Paris et Londres ont confié cet été une première enveloppe de 5 millions d'euros à Dassault et au constructeur aéronautique britannique BAE Systems pour réfléchir ensemble au futur drone de combat européen. BAE a lui aussi fabriqué un démonstrateur, le Taranis, qui n'a pas encore volé.
Le programme Neuron a été lancé en 2003 par la France, avec le soutien de l'Italie, la Suède, l'Espagne, la Suisse et la Grèce. Il a coûté 406 millions d'euros, supportés pour moitié par la France.
Dassault a partagé la moitié de la charge de travail avec le constructeur suédois Saab, l'italien Alenia (groupe Finmeccanica), le grec Hellenic Aerospace Industry et le suisse RUAG et l'espagnol CASA (groupe européen EADS) qui a réalisé la station au sol. Au total 300 personnes ont travaillé sur ce programme, d'après M. Gondoin.
Le démonstrateur doit effectuer, de façon autonome, une mission de détection de localisation et de reconnaissance de cibles, en échappant aux radars et larguer une bombe depuis une soute intégrée au fuselage.

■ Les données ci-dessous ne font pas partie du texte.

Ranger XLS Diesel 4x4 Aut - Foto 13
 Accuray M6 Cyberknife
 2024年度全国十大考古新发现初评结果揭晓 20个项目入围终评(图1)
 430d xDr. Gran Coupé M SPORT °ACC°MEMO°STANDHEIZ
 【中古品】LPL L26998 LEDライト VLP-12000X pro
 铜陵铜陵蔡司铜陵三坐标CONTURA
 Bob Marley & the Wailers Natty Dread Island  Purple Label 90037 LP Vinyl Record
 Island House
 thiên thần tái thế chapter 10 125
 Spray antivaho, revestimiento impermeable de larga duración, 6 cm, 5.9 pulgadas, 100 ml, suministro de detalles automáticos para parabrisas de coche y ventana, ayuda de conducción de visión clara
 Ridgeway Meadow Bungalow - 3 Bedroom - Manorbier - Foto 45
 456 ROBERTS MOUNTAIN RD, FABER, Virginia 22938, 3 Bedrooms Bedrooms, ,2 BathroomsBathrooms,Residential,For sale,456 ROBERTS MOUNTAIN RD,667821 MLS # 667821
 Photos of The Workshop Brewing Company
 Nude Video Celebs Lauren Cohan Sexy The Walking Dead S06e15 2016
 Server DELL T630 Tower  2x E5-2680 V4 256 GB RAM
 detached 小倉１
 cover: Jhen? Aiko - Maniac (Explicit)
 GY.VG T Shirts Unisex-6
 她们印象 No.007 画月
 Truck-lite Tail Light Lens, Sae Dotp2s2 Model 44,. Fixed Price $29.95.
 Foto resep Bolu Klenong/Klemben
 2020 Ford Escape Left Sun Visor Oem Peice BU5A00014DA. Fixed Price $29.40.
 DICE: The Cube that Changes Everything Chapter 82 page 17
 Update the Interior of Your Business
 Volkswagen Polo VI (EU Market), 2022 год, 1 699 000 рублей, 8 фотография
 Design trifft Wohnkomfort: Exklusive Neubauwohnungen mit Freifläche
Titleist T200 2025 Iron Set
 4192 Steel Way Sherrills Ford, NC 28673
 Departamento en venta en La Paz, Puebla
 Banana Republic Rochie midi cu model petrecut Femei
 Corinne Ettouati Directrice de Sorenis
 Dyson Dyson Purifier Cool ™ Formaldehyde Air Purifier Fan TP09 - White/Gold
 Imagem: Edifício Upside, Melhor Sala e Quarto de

Après ce premier vol, la campagne d'une centaine d'essais au total doit se poursuivre jusqu'en 2014, en France, en Sardaigne et en Suède, a expliqué M. Gondoin. Il rejoindra ensuite le polygone de Perdadesfogu (Italie) pour d'autres essais, notamment de tirs et de mesure de furtivité", a indiqué Dassault Aviation dans un communiqué.
Selon le groupe, la "signature radar" du Neuron est "l'équivalent de celle d'un moineau", grâce notamment à la forme de l'appareil, son revêtement de surface et l'intégration des antennes dans le fuselage.